◆ WORK TO BE COMPLETED
Please go line by line and repeat the data below exactly, with no images.

◆ DATA PROVIDED

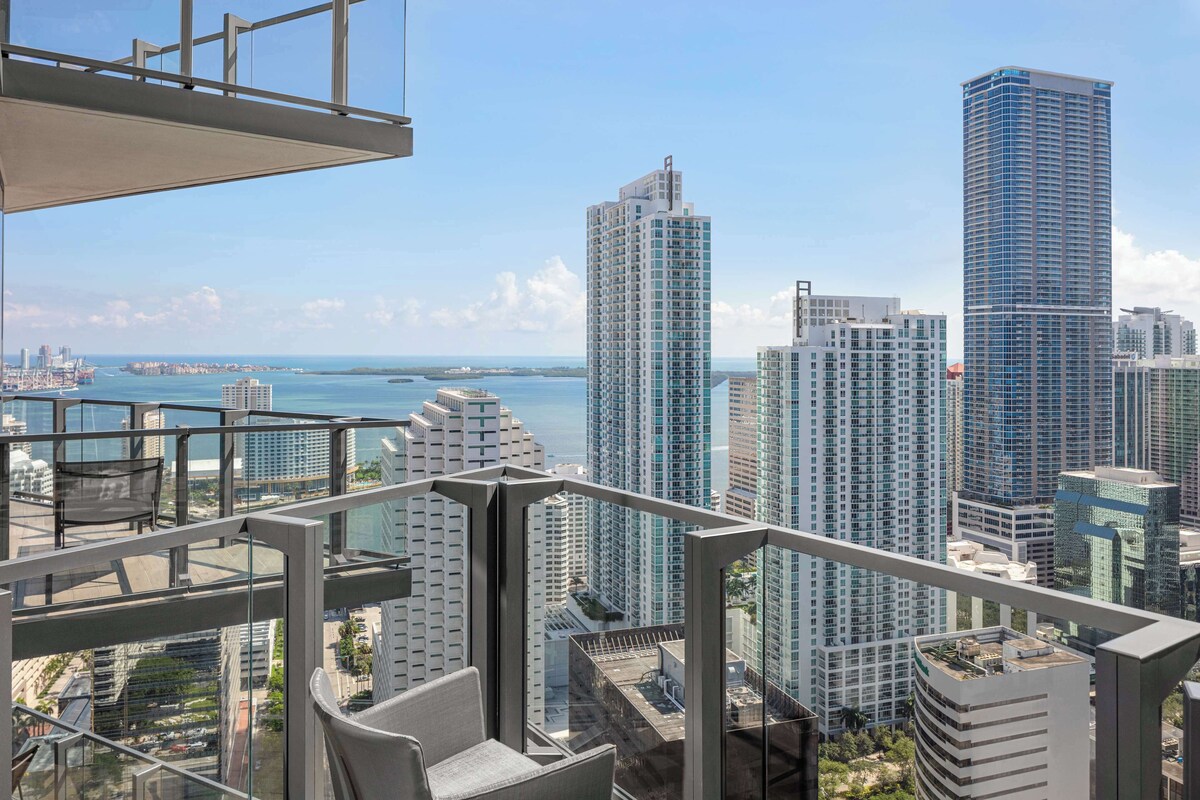 Un edificio alto con vistas al horizonte de la ciudad y una masa de agua al fondo.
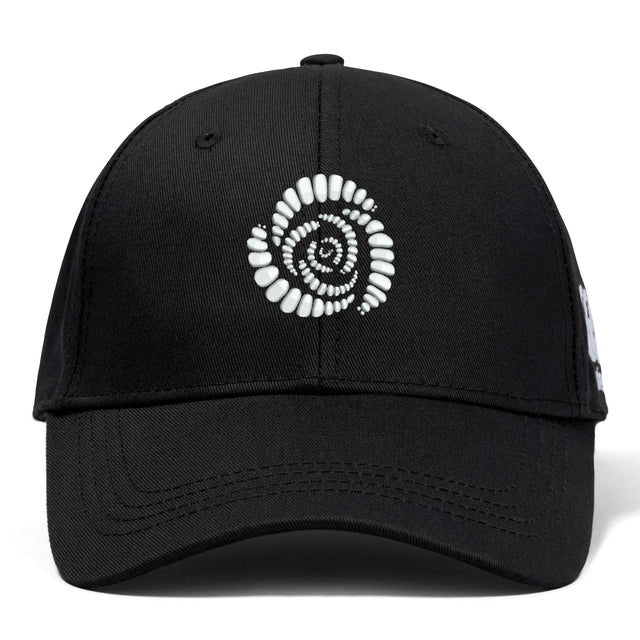 The Missoula All-Maggots Flexfit Drill Cap by EMB Canterbury features a black design with a white spiral pattern of oval shapes and an embroidered logo on the front.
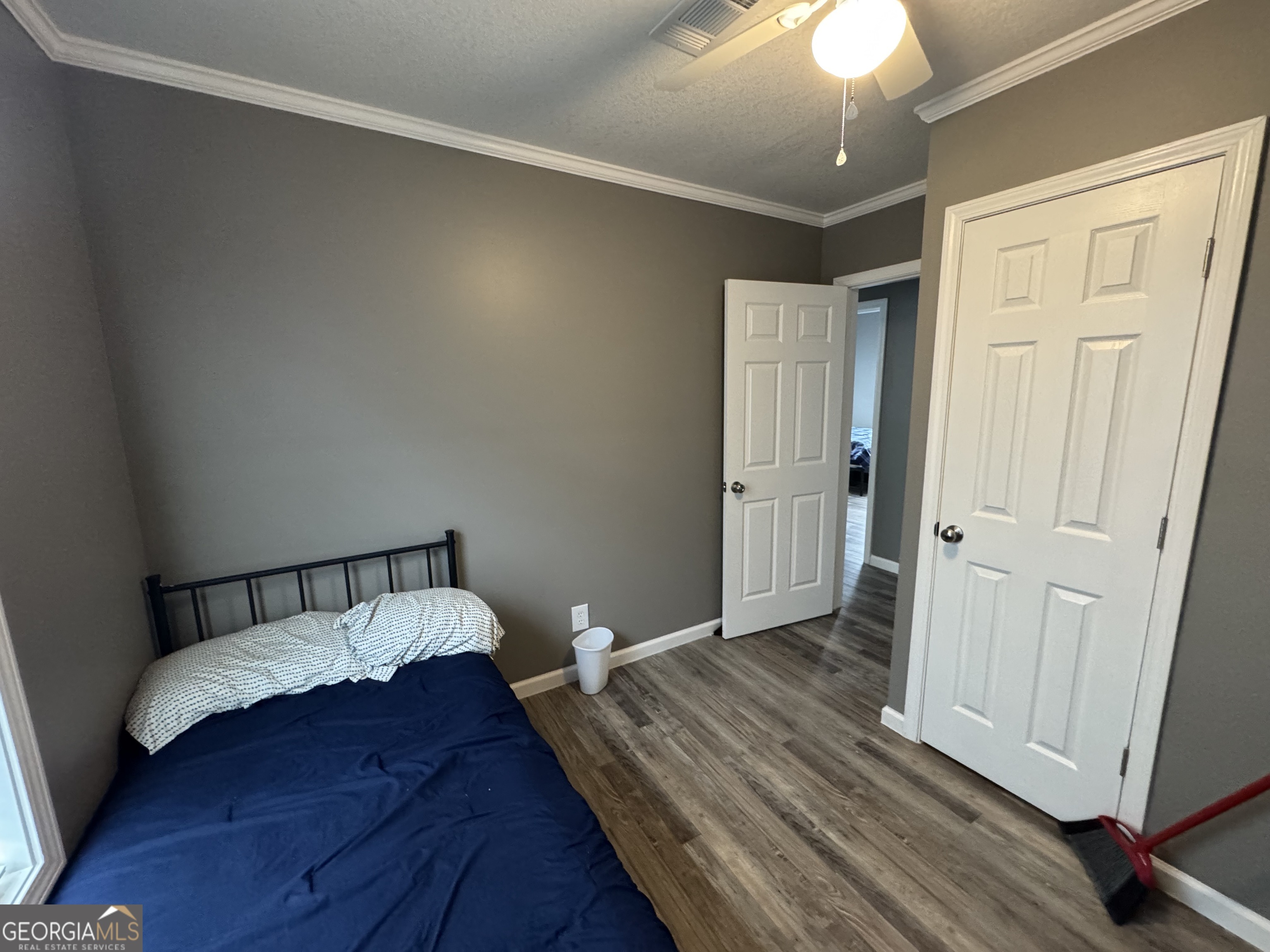10 Grove Street Hazlehurst, GA 31539 - Photo 11 of 15 a bedroom with a bed and wooden floor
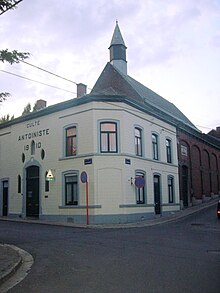 Bâtiment à la façade couleur crème, situé à l'angle de deux rues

◆ THE ANSWER
 Un edificio alto con vistas al horizonte de la ciudad y una masa de agua al fondo.
 The Missoula All-Maggots Flexfit Drill Cap by EMB Canterbury features a black design with a white spiral pattern of oval shapes and an embroidered logo on the front.
10 Grove Street Hazlehurst, GA 31539 - Photo 11 of 15 a bedroom with a bed and wooden floor
 Bâtiment à la façade couleur crème, situé à l'angle de deux rues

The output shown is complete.